Frage an Wolfgang Stefinger von Thomas P. bezüglich Wirtschaft
Eine der lebhaftesten politischen Diskussionen der letzten 4 Jahre haben die Freihandelsabkommen ausgelöst. Im folgenden werde ich mich auf CETA konzentrieren.
Meiner Ansicht nach gab es einen eklatanten Unwillen der Verhandlungsträger, die Öffentlichkeit über den Stand der Verhandlungen zu informieren oder an der Willensbildung mitwirken zu lassen. So wurde z.B. der Versuch von über 300 NGOs (die 3,28 Mio. Unterschriften gesammelt hatten), eine Europ. Bürgerinitiative gegen CETA zu gründen, von der Europ. Kommission sabotiert. Der EuGH hat dieses Vorgehen im Nachhinein (und viel zu spät) als nicht rechtens verworfen.
Auch die Darstellung im öffentlich-rechtlichen Fernsehen erschien mir nicht adäquat. So wurde suggeriert, dass es bei CETA hauptsächlich um die Senkung von Zöllen und die Vereinheitlichung von Normen gänge. Die Kritik der meisten NGOs richtete sich jedoch im wesentlichen auf ganz andere Punkte des Abkommens. Auch die Berichterstattung über eine der größten Demonstrationen der letzten Jahre (17.09.2016) war der Wichtigkeit des Themas nicht angemessen. (Nebenbei: Die Berichterstattung im (ebenfalls öffentlich-rechtlichen) DLF fand ich dagegen in Ordnung.)
Hier meine Fragen:
* Haben Sie sich als MdB ausreichend über den Fortgang der Verhandlungen informiert gefühlt? Fanden Sie Ihren Einfluß angemessen?

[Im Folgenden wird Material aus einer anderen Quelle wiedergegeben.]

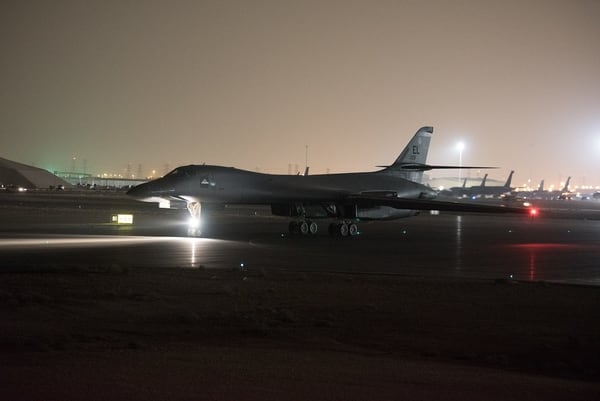 An American B-1B Lancer prepares to launch a strike mission from Al Udeid Air Base, Qatar. (Master Sgt. Phil Speck/U.S. Air Force)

* Wie soll die Öffentlichkeit in Zukunft an der politischen Willensbildung bei Freihandelsabkommen beteiligt werden?
* Wäre es nicht besser, bei solch weitreichenden Fragen die Wähler per Volksentscheid am Ende des Verhandlungsprozesses entscheiden zu lassen?
* Wie beurteilen Sie den derzeitigen Zuschnitt von Freihandelsabkommen? Warum wird nicht nur über Zölle und Normen verhandelt? Warum muss der Investorenschutz Teil eines solchen Abkommens sein? Warum gehören (einklagbare) Arbeitnehmen- und Umweltschutzrechte nicht in solches Abkommen?
Sehr geehrter Herr Pasch,
vielen Dank für Ihre Fragen zum Freihandelsabkommen CETA. Sie finden umfangreiche Informationen über CETA auf der Internetseite der Europäischen Kommission, darunter den komplett ausgehandelten Vertragstext in deutscher Übersetzung unter folgendem Link:
http://eur-lex.europa.eu/legal-content/DE/TXT/HTML/?uri=CELEX:52016PC0444&from=EN
Das CETA-Abkommen hat die Europäische Kommission auf Grundlage eines Mandats der Mitgliedsstaaten mit der kanadischen Regierung verhandelt. Über den Verhandlungsstand wurde die Bundesregierung regelmäßig unterrichtet. Der Deutsche Bundestag hat intensiv über verschiedenste Aspekte des CETA-Abkommens und über CETA als Ganzes beraten und jeder einzelne Abgeordnete wurde unter anderem in Form zahlreicher Antworten der Bundesregierung über CETA informiert. Diese Antworten der Bundesregierung und viele weitere Informationen aus Parlamentsdebatten, Anhörungen und Ausschüssen sind öffentlich auf der Internetseite des Deutschen Bundestages abrufbar. Es gibt kaum ein Handelsabkommen, das derart umfassend in der Öffentlichkeit diskutiert wurde wie CETA.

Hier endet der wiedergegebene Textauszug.